When the trailer for Christopher Nolan's upcoming adaptation of The Odyssey dropped, it didn't take long for the internet to clock something that felt a little... off. American accents. In ancient Greece. Matt Damon, apparently, sailed the wine-dark sea.
The reaction was predictable - a mix of confusion, mockery, and the kind of performative outrage that trailers tend to inspire these days. But according to a piece in GQ, the joke might actually be on the critics.

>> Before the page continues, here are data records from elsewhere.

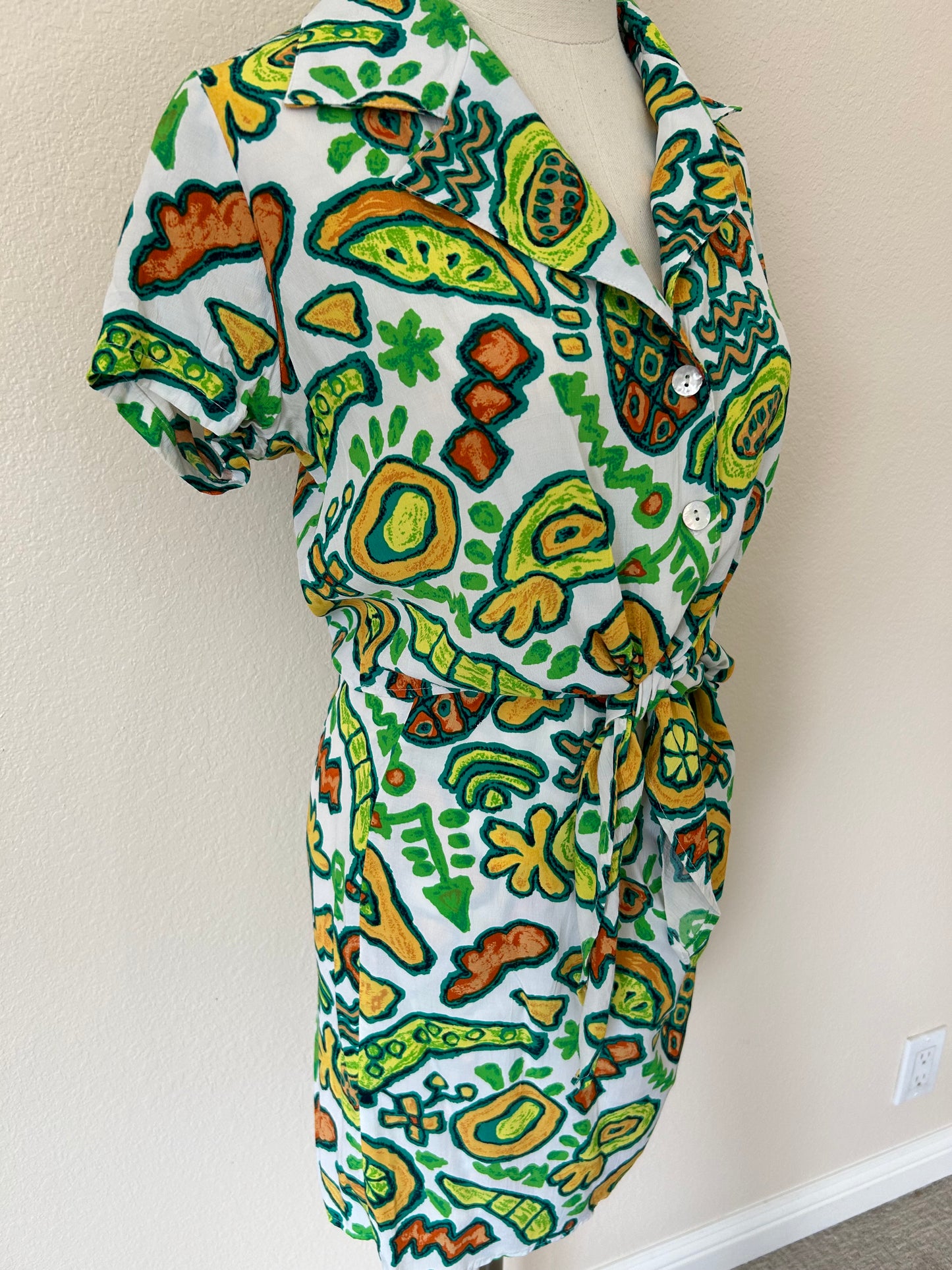 90s Fruit Print Two-Piece Set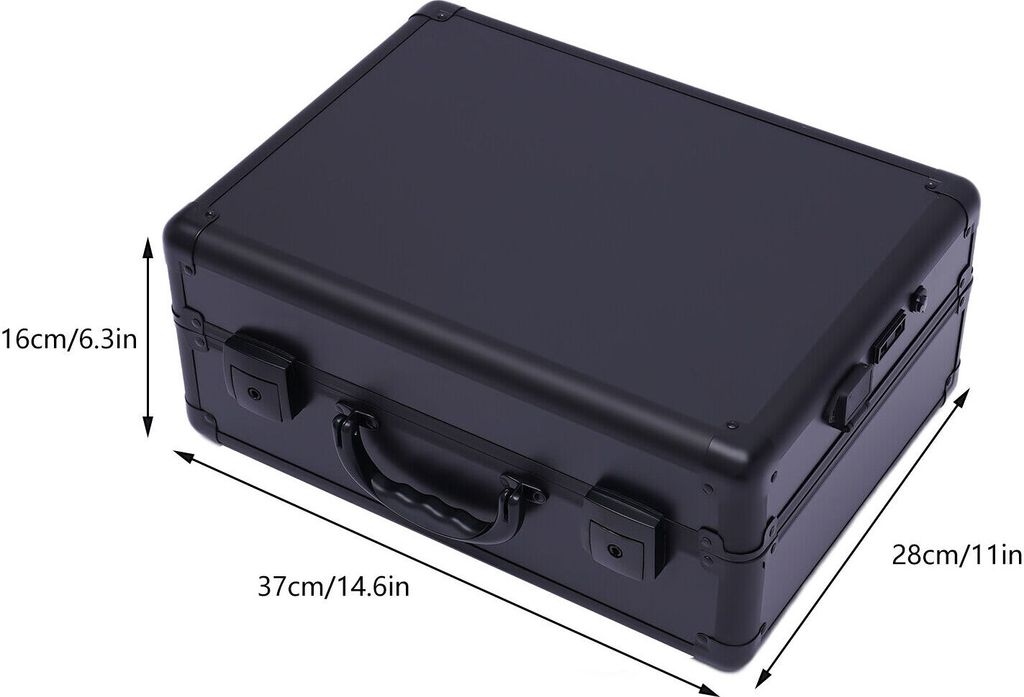 Kosmetický kufřík Make-up Case Black Kadeřnický kufřík Obrázek produktu 7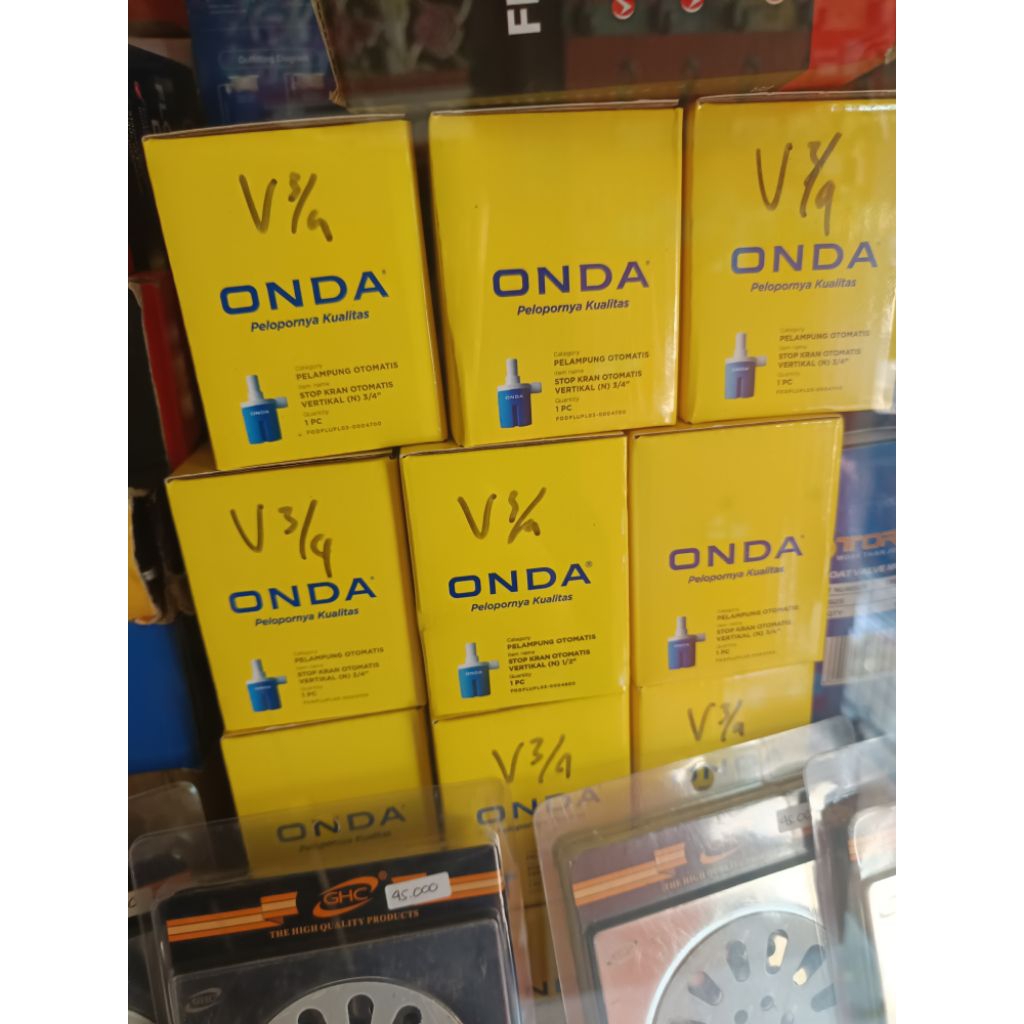 STOP KRAN OTOMATIS ONDA 3/4" (VERTIKAL) – PELAMPUNG OTOMATIS TANDON AIR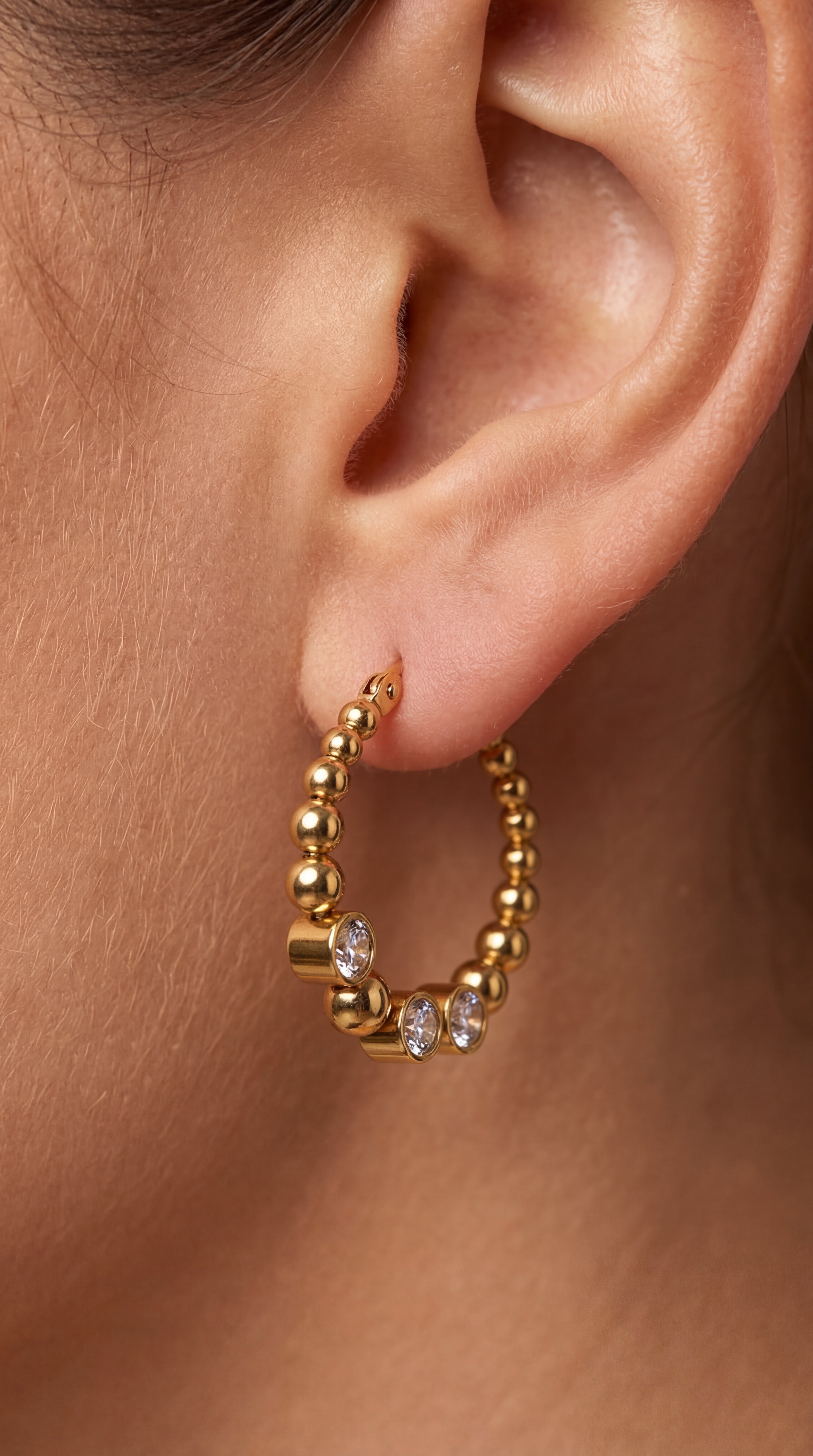 Polka Radiance CZ Hoops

The British accent isn't historically accurate either
Here's the thing that tends to get lost in these conversations: the "posh British accent as default historical setting" rule that Hollywood has leaned on for decades isn't grounded in any real linguistic truth. It's a convention - one that solidified over the 20th century, largely because British theatrical training carried prestige, and prestige felt appropriately ancient.
Ancient Greeks did not speak with received pronunciation. They spoke Ancient Greek, a language so far removed from anything alive today that no accent in any modern film could claim accuracy. When you think about it that way, the choice between a British accent and an American one is essentially arbitrary - both are equally "wrong" from a historical standpoint.

Why it feels weird anyway
So why does hearing American voices in a toga still make audiences flinch? A lot of it comes down to conditioning. Decades of films like Gladiator, Troy, and countless BBC productions have trained us to associate clipped British vowels with antiquity and gravitas. The association runs deep enough that it now reads as neutral, even though it's anything but.
American accents, by contrast, carry strong contemporary cultural associations. They pull us into the present rather than pushing us toward the past - which is more a psychological trick than a factual one.

A more honest convention?
There's actually an argument to be made that leaning into familiar modern accents - rather than performing a faux-ancient Britishness - is a more transparent storytelling choice. It doesn't pretend to a historical authenticity it can't deliver. It just tells the story.
Whether Nolan's film pulls it off is another question entirely, and one we won't be able to answer until it's actually in cinemas. But the next time a trailer sparks outrage over accents, it's worth pausing to ask: compared to what, exactly?
The British accent as the sound of history is a modern invention. And maybe it's time we stopped treating it like a fact.